_The task_:
The answer is the line with "New Directions Women's" and every line after it to the end of the listing, retyped exactly. Pictures do not belong in it.
==== Exercise data ====
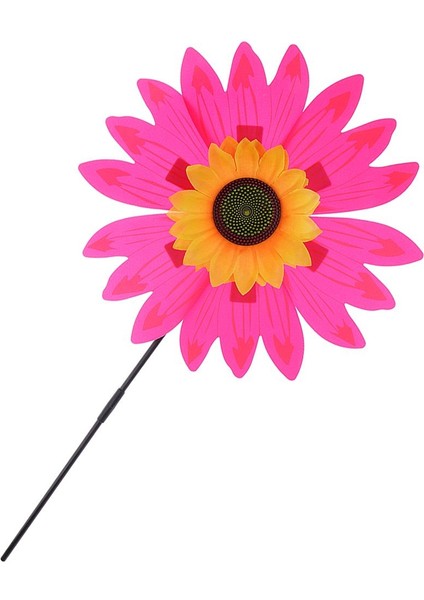 36 cm Dıy Ayçiçeği Fırıldak Rüzgar Rotator Çocuk Açık Bahçesi Oyuncak Gül Kırmızı (Yurt Dışından)
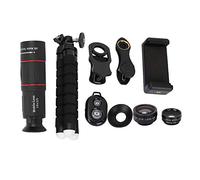 Tomantery Objectif de Téléphone Professionnel 18X Longue Focale Fisheye Grand Angle Macro 4 en 1 pour la Photographie en Extérieur pour la Plupart des Téléphones Intelligents Noir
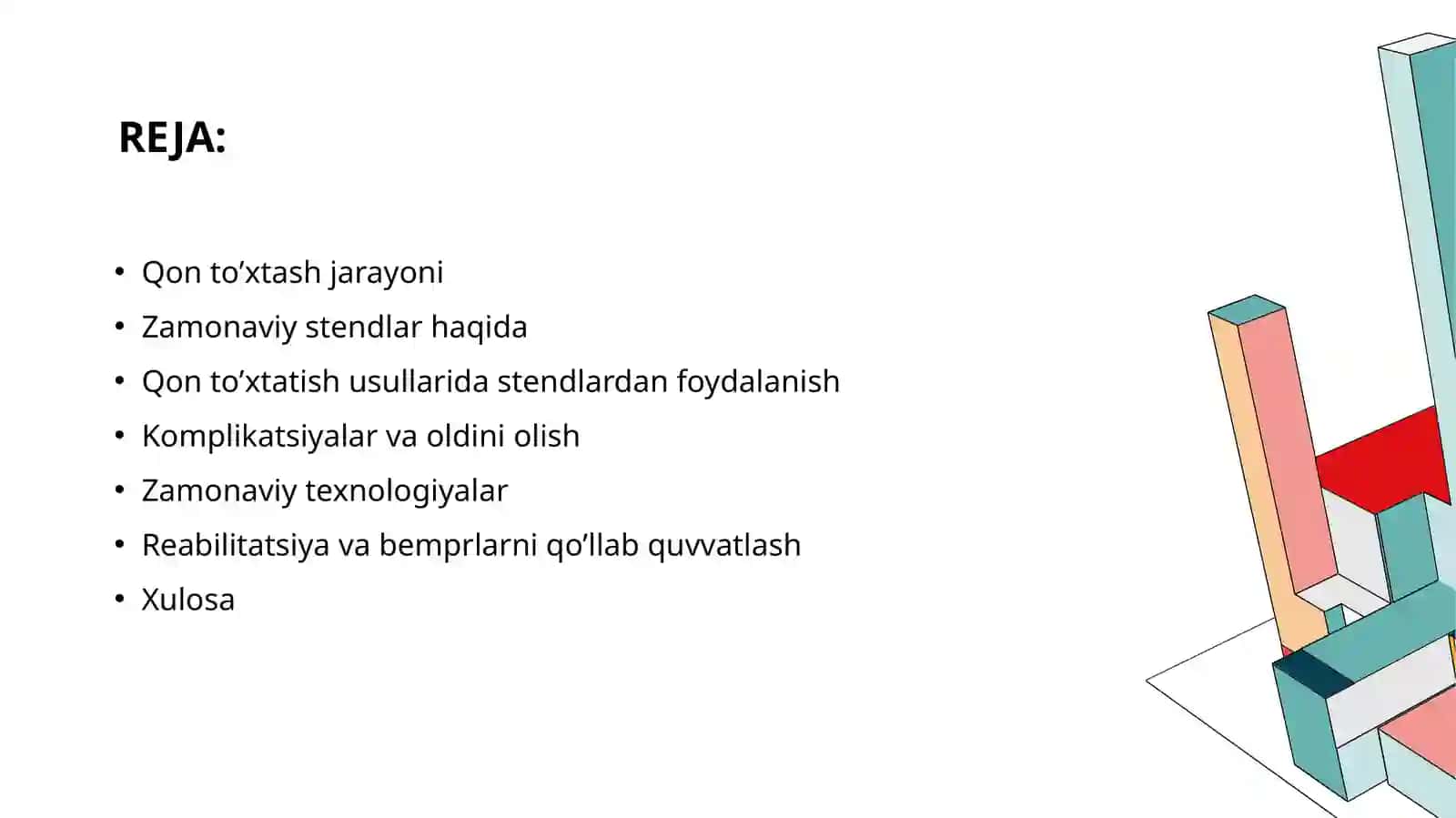 Qon to'xtatish usullarida zamonaviy stendlardan foydalanish umumiy xirurgiyadan 2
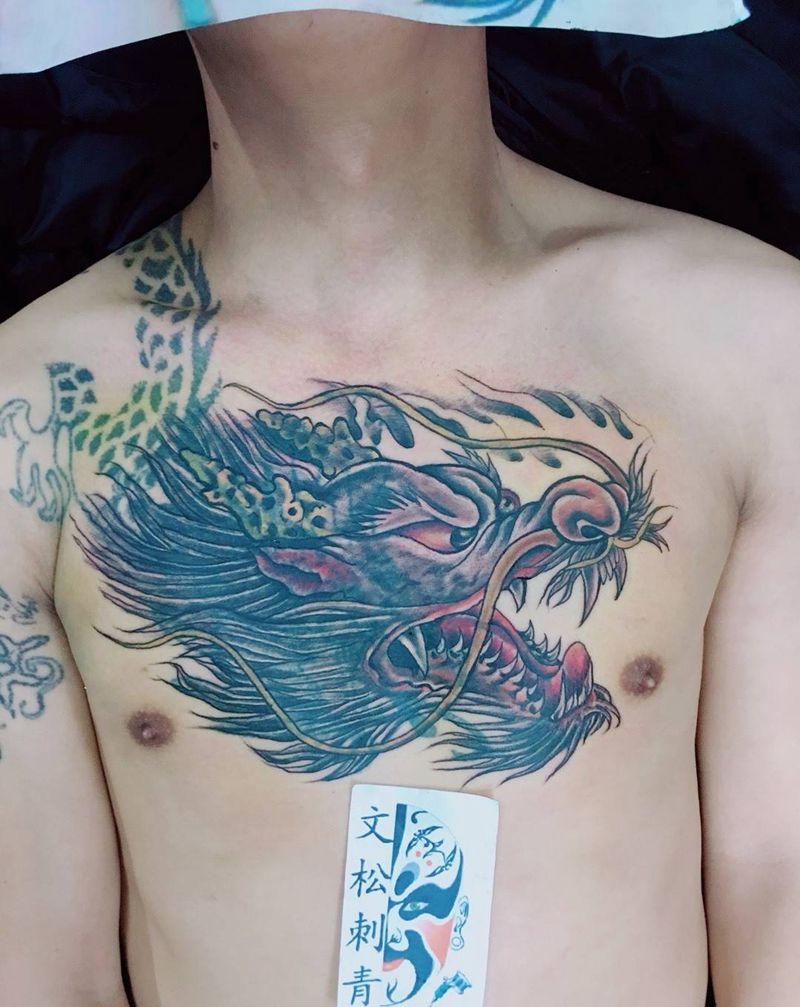 龙盖龙，遮盖失败纹身，第一集！待续...纹身图片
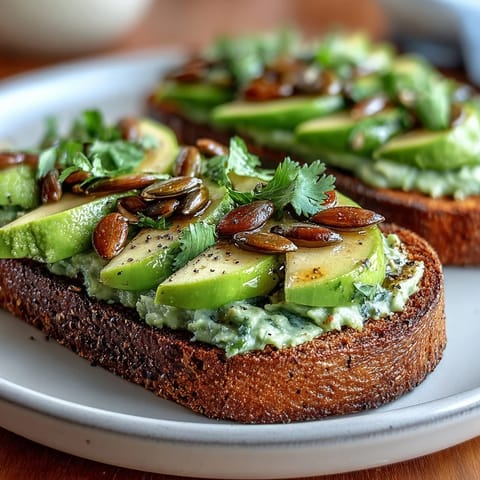 Creamy avocado spread on toasted whole grain bread, layered with crisp green apple slices and sprinkled with pepitas.  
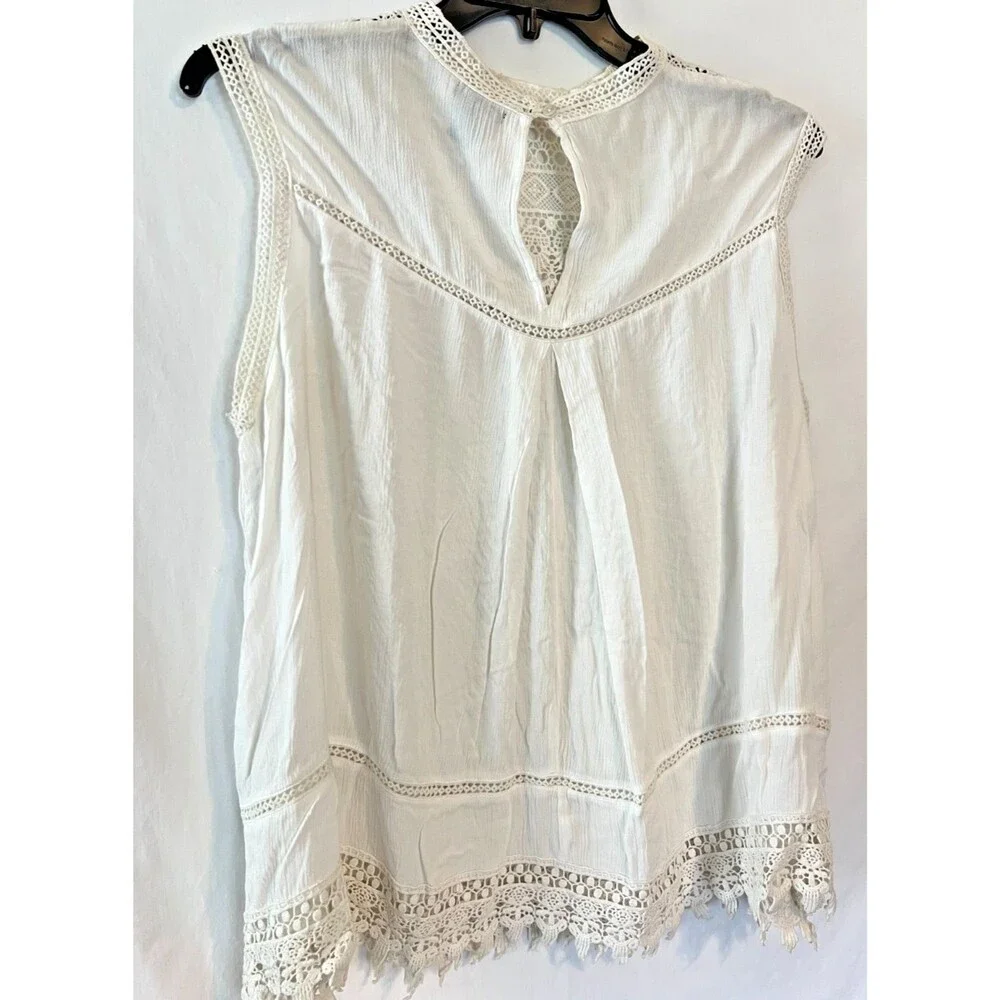 New Directions Women's Crocheted Ivory Dressy Tank Size XL - Picture 7 of 8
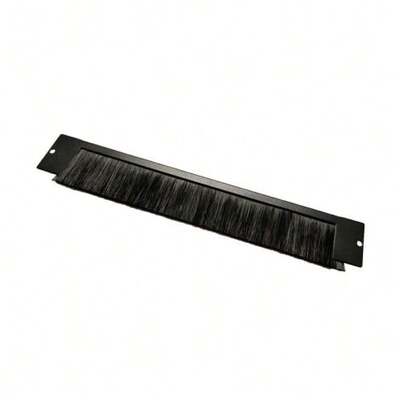 Panel guiacables Superior/Inferior para Racks - con Cepillo - Color Negro - 360mm - para Rack de 10"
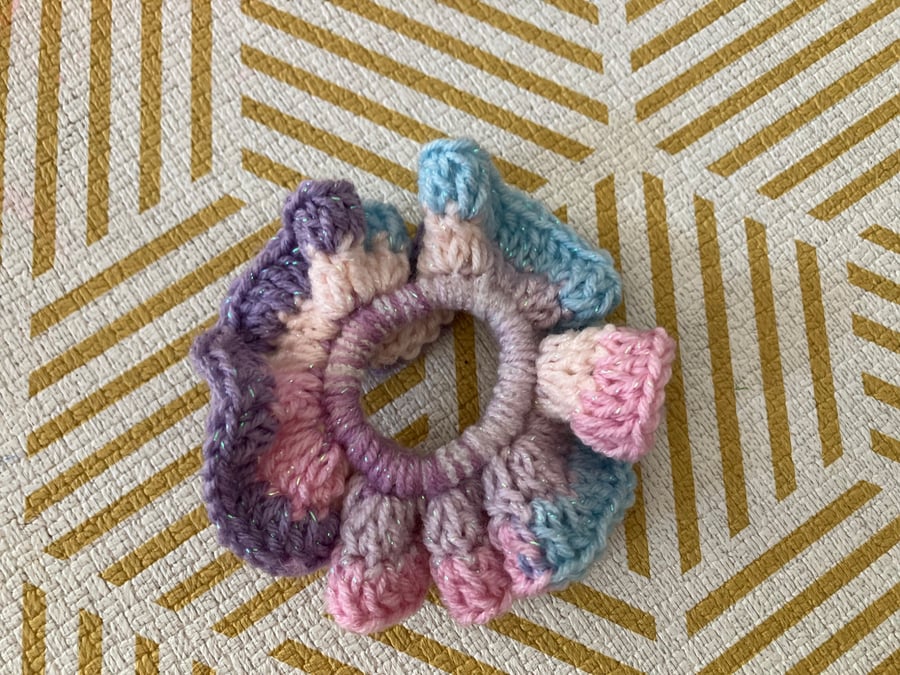 Colourful handmade crochet scrunchie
====
_Response to this exercise_:
 New Directions Women's Crocheted Ivory Dressy Tank Size XL - Picture 7 of 8
 Panel guiacables Superior/Inferior para Racks - con Cepillo - Color Negro - 360mm - para Rack de 10"
 Colourful handmade crochet scrunchie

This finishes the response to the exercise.